• **What is expected**
The answer must be one number: how many lines in the records below contain the string "post".

• **Data in this exercise**
##########
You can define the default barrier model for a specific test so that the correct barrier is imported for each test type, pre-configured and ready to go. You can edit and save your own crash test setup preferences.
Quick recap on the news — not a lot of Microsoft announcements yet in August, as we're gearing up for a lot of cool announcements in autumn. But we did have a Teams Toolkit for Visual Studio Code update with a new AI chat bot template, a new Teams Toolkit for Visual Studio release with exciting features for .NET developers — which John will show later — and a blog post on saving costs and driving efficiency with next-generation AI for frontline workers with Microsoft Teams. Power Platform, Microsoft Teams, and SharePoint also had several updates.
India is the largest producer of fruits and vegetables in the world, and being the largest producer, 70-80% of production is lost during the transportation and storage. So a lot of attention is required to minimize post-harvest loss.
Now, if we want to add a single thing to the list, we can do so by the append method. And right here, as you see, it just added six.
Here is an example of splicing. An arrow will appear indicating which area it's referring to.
##########
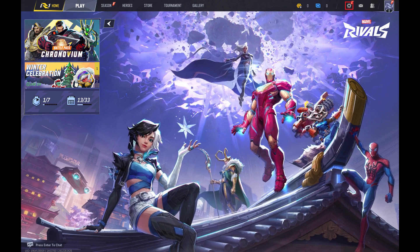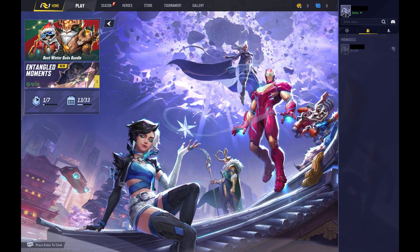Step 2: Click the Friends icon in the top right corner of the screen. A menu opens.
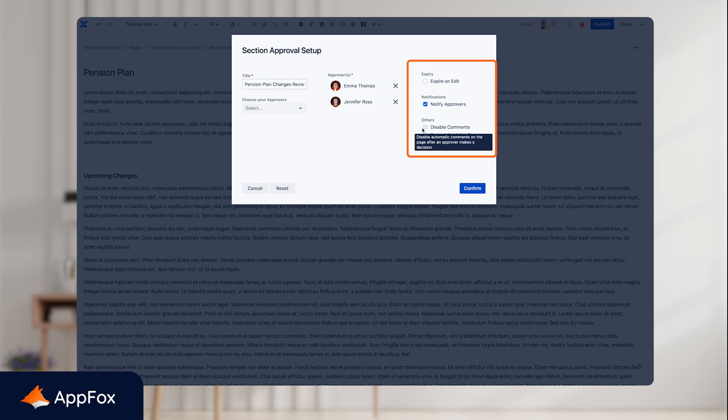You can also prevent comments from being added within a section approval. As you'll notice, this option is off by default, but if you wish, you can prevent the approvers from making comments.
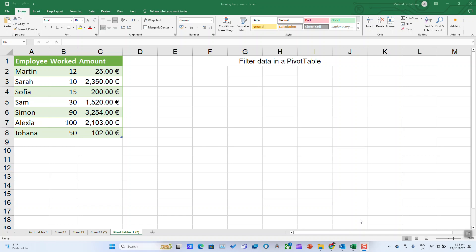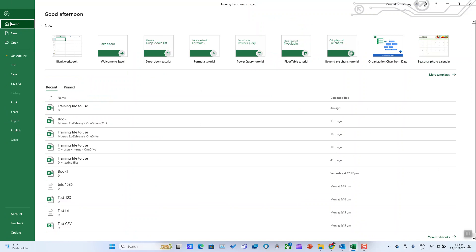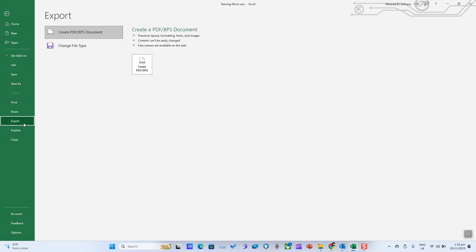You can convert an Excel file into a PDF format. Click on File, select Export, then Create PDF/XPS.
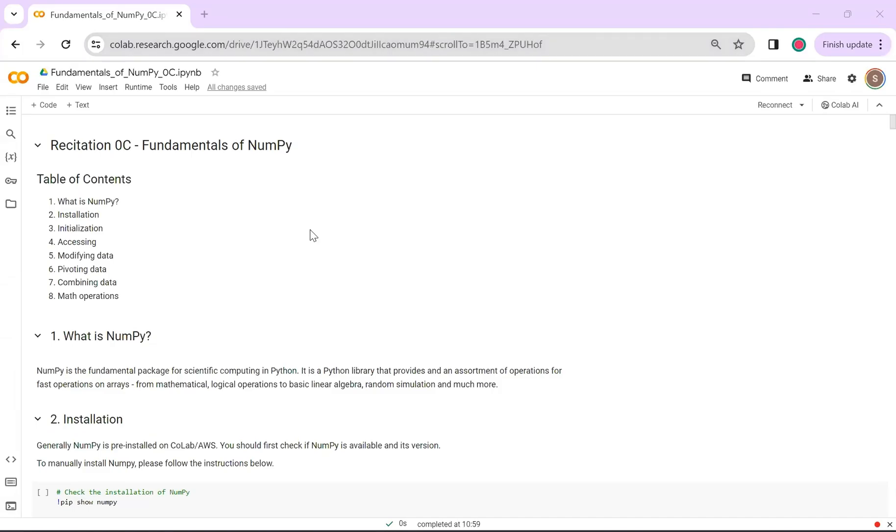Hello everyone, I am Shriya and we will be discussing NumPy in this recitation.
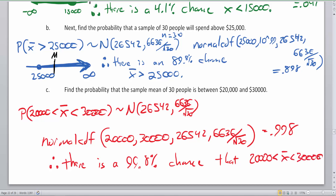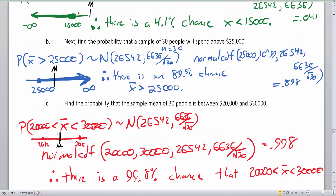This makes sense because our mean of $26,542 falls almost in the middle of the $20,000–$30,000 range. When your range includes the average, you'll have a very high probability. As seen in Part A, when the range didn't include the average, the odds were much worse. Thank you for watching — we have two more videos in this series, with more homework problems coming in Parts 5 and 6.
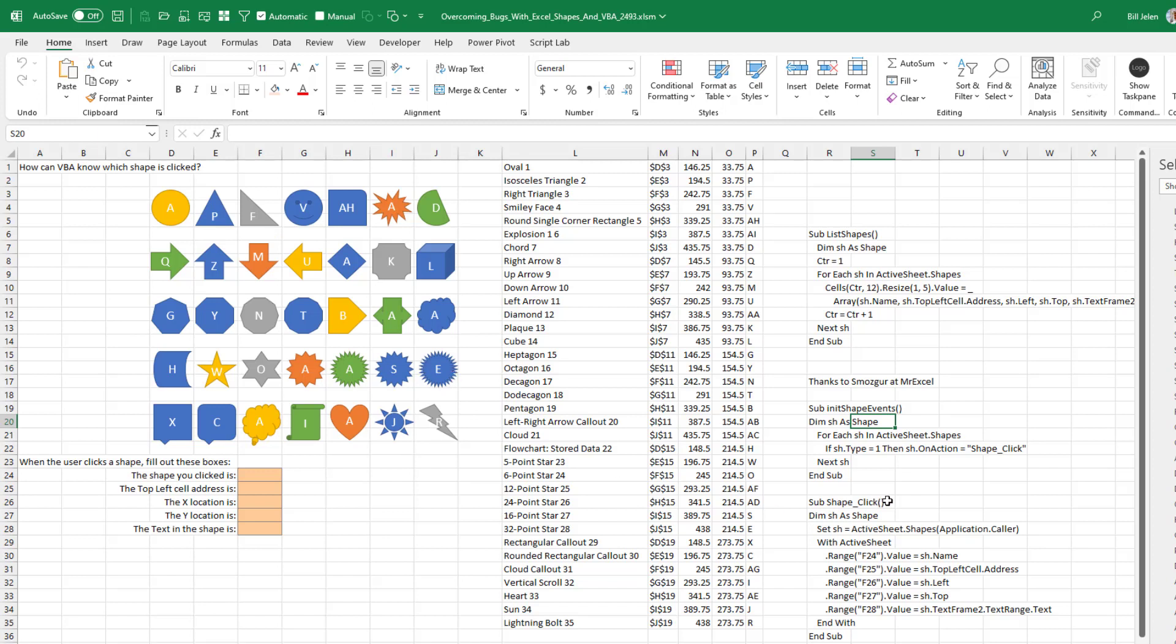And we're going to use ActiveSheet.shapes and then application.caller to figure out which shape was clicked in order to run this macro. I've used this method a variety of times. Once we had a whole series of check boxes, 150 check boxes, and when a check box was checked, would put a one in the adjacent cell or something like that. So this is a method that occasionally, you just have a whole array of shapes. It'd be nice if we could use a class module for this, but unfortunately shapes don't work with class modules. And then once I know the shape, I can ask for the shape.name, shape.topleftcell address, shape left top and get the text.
##########
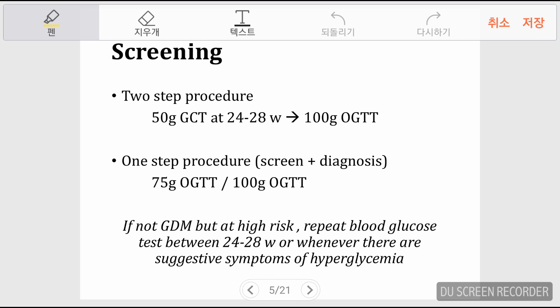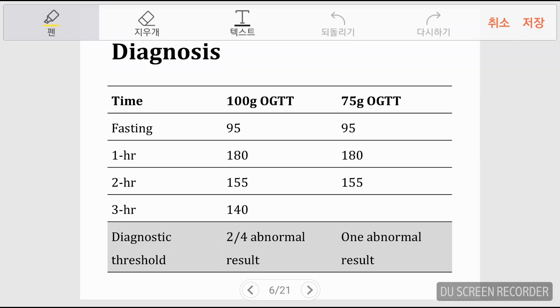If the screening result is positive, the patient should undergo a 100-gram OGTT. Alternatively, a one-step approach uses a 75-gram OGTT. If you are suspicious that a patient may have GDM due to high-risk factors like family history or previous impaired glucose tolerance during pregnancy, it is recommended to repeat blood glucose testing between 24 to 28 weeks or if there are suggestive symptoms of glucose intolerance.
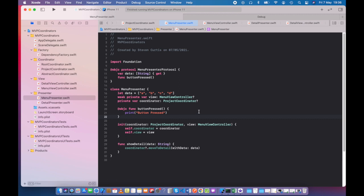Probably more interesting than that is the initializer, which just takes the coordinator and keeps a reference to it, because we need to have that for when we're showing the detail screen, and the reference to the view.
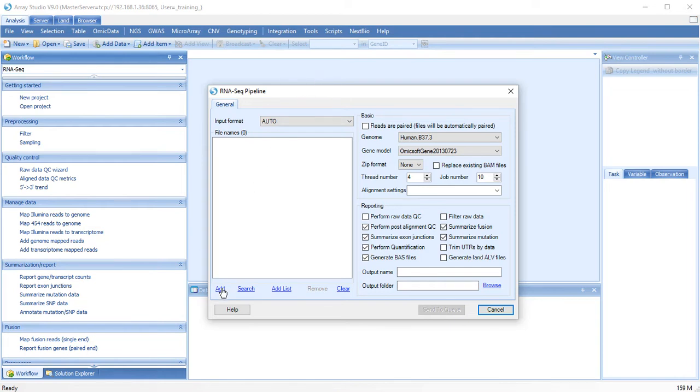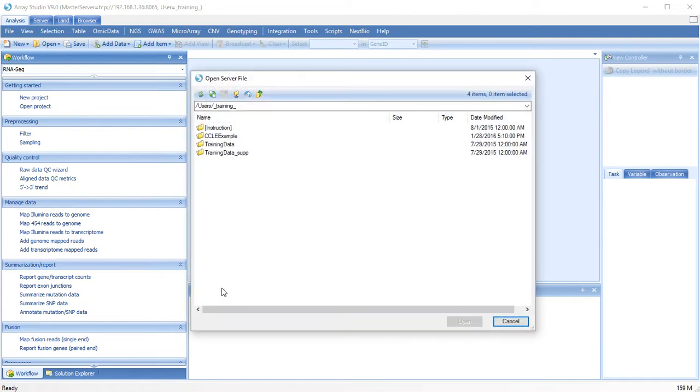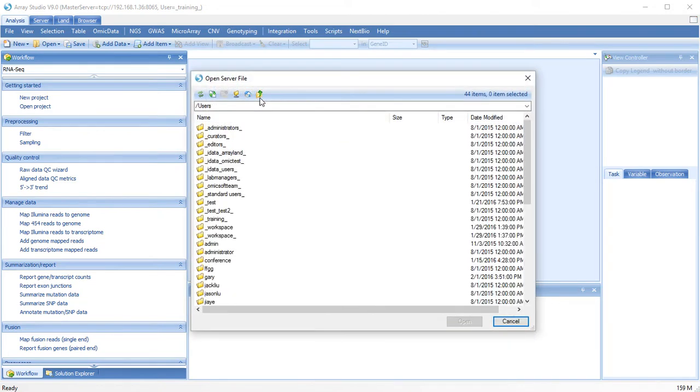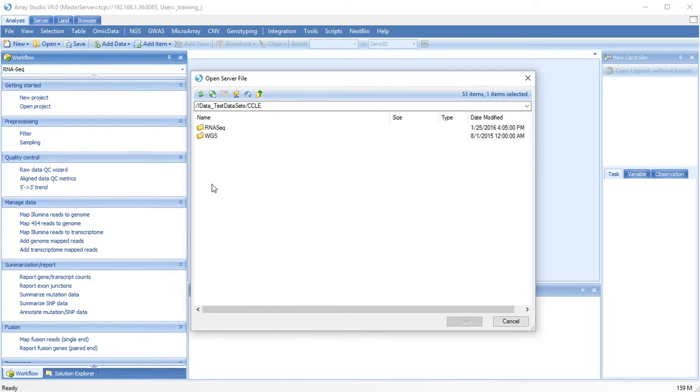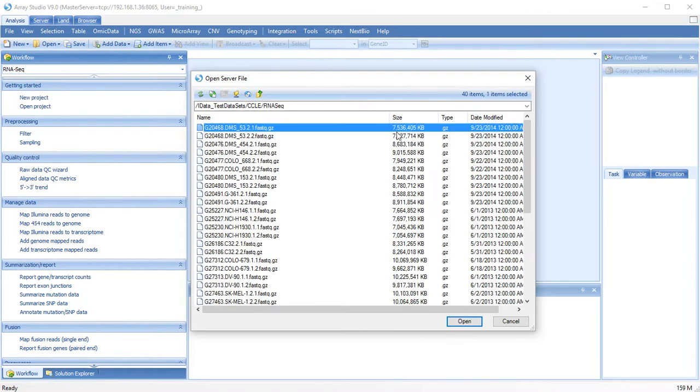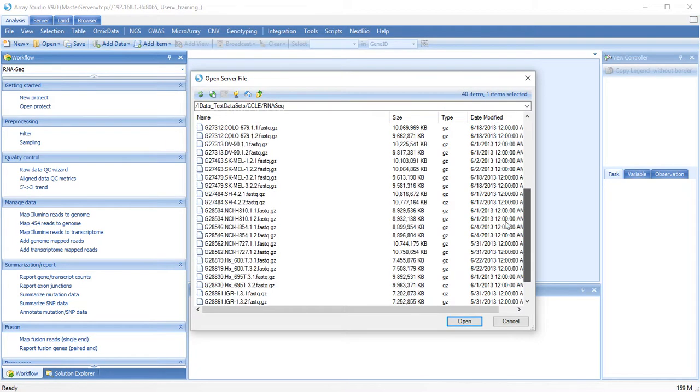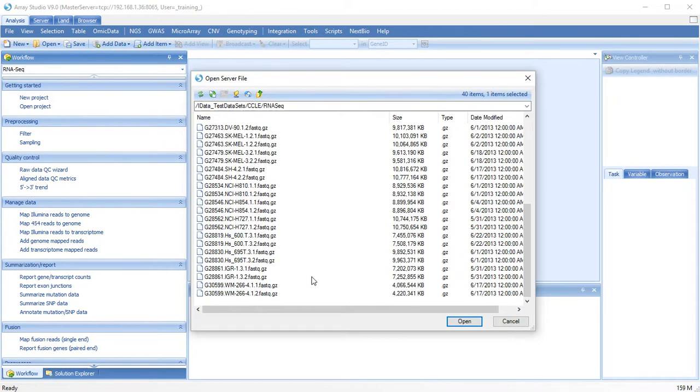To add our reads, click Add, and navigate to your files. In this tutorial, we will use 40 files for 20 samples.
##########
• **Output below**
2